**Work required:**
Only one stretch of the records below should be repeated. It starts with the line containing "TRIXIE Pettorina Morbida" and goes on through the line containing "Vorschau der mobilen", exactly as written.

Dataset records
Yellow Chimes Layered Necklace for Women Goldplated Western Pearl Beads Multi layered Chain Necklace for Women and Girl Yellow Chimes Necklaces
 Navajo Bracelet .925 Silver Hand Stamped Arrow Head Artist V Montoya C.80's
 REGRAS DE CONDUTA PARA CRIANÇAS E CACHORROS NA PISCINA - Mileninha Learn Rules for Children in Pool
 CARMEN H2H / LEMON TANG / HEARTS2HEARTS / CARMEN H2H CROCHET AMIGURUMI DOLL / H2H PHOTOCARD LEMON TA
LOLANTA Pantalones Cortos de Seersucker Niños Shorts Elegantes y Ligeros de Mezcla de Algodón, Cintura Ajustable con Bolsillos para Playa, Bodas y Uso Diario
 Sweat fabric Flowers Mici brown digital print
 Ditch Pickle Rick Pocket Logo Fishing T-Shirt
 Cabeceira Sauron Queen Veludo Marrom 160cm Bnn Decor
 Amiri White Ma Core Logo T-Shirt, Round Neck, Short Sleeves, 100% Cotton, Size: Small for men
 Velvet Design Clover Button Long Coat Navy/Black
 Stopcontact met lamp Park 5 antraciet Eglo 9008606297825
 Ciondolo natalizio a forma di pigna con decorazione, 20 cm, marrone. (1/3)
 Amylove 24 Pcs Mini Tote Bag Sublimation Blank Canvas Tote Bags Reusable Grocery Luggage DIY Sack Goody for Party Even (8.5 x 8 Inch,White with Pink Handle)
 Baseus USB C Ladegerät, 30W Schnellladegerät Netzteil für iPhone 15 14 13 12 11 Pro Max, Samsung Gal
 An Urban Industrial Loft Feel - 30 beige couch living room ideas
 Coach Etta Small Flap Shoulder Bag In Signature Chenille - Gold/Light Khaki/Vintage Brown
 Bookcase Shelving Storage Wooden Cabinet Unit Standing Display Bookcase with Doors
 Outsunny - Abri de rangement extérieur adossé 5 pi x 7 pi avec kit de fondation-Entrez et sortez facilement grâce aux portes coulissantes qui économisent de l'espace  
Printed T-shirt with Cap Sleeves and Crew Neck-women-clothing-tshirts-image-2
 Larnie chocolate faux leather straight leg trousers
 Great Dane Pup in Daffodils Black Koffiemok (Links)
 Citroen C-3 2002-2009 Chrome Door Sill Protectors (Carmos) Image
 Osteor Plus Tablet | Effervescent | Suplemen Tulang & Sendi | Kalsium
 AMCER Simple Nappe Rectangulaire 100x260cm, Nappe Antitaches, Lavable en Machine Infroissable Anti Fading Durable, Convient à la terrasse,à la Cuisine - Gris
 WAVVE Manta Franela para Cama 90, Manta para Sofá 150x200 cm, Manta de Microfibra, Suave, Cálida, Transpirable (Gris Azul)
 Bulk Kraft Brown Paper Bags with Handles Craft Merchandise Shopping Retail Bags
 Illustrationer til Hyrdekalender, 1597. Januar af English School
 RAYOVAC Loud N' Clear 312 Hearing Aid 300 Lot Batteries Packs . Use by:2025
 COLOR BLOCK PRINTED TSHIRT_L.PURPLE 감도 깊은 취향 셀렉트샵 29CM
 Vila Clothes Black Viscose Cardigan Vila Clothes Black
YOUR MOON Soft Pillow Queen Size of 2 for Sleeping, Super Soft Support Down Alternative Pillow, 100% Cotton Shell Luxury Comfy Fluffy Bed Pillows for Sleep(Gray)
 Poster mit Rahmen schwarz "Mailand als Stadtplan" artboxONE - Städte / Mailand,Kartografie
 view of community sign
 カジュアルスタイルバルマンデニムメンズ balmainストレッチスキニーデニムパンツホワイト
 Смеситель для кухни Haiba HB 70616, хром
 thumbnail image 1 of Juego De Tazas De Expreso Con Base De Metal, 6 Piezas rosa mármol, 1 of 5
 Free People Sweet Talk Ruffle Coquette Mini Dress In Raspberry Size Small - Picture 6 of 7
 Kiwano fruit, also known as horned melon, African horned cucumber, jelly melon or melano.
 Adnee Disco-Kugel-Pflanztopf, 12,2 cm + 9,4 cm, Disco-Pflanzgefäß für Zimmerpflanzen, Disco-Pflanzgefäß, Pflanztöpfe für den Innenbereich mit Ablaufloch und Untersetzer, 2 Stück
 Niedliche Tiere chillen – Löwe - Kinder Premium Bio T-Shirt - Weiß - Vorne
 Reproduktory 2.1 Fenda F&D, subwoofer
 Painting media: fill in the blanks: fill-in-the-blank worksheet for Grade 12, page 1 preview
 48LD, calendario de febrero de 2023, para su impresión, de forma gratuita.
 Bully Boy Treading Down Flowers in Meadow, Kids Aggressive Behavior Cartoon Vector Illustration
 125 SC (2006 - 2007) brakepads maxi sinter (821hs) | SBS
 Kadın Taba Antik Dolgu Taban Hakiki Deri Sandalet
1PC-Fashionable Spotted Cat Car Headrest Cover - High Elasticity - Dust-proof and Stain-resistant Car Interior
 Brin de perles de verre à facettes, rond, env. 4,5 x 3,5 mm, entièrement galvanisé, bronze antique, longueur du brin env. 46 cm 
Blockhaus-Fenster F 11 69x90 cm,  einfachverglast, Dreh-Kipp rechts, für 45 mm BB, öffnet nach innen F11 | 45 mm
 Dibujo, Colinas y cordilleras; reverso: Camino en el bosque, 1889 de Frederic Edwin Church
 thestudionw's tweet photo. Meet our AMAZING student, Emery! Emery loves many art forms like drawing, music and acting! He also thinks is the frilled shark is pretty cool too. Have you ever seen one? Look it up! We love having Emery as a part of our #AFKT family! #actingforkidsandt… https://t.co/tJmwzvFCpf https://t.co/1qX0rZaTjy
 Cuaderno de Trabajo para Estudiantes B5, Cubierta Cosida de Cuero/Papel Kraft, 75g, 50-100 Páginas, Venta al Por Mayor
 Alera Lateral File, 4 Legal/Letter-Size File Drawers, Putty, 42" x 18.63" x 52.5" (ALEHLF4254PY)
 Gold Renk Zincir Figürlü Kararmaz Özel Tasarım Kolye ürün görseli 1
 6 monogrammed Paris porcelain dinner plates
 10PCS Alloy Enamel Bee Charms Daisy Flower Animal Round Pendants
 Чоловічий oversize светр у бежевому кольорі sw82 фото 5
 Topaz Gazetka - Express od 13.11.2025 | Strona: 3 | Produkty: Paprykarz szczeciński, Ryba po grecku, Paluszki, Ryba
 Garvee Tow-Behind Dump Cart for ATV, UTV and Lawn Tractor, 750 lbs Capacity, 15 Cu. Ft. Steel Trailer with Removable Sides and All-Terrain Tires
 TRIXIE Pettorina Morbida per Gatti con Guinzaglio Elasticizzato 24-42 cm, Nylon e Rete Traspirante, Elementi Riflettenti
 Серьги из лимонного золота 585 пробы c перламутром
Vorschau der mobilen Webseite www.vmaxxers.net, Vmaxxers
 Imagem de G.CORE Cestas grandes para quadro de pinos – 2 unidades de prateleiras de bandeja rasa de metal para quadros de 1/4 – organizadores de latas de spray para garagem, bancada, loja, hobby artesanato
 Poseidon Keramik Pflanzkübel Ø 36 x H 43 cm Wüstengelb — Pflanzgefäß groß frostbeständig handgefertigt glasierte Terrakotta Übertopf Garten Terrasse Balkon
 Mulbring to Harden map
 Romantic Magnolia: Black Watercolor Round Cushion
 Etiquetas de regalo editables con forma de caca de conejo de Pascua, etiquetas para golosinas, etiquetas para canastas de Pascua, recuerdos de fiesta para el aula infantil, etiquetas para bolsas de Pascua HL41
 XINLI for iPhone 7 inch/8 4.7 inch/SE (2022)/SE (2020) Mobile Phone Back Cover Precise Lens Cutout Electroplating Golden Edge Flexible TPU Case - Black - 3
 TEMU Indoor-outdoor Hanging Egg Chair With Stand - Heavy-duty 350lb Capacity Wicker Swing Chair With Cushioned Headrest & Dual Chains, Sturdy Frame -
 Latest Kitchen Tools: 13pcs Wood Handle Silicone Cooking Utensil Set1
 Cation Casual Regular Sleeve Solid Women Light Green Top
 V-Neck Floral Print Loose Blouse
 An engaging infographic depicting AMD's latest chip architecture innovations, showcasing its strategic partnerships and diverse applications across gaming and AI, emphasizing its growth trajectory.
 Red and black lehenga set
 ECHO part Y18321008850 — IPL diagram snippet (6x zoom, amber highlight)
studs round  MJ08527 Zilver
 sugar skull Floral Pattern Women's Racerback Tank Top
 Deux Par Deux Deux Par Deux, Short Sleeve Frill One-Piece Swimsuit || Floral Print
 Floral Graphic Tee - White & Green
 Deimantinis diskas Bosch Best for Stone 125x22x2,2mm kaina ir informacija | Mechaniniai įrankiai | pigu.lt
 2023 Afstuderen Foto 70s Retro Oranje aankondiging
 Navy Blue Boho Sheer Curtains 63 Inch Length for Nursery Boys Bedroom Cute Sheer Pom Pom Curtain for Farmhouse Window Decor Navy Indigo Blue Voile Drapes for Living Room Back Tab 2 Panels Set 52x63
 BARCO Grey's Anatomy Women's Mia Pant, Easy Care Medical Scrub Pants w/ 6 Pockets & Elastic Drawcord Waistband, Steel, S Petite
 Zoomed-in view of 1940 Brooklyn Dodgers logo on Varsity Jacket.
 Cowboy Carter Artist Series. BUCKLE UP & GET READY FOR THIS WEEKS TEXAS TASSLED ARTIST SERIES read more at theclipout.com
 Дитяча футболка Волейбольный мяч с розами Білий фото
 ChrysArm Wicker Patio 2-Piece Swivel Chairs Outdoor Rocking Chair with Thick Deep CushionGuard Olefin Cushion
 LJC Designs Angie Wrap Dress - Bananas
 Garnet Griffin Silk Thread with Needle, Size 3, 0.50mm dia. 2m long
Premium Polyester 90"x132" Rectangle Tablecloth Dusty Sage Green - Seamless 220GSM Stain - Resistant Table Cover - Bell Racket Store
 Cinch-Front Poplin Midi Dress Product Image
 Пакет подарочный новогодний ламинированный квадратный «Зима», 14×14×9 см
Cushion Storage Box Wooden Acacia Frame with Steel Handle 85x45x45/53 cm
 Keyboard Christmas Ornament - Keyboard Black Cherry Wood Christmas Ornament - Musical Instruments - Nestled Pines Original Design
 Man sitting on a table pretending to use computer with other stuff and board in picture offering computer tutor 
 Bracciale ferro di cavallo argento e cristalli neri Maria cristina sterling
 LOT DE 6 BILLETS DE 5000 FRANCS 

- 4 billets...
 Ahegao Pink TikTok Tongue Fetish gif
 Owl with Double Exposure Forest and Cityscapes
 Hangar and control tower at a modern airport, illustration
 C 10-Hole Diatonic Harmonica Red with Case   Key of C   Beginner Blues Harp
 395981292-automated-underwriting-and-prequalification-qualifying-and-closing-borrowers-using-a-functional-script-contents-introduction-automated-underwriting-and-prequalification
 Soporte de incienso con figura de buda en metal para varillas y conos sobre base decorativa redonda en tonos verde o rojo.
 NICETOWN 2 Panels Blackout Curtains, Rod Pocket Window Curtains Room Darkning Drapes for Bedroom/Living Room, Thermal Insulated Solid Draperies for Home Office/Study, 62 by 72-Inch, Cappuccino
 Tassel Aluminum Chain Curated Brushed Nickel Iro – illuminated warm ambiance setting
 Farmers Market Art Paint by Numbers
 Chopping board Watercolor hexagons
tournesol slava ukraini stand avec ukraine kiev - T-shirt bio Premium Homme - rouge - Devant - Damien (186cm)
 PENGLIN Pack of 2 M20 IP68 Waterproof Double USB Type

**Output:**
 TRIXIE Pettorina Morbida per Gatti con Guinzaglio Elasticizzato 24-42 cm, Nylon e Rete Traspirante, Elementi Riflettenti
 Серьги из лимонного золота 585 пробы c перламутром
Vorschau der mobilen Webseite www.vmaxxers.net, Vmaxxers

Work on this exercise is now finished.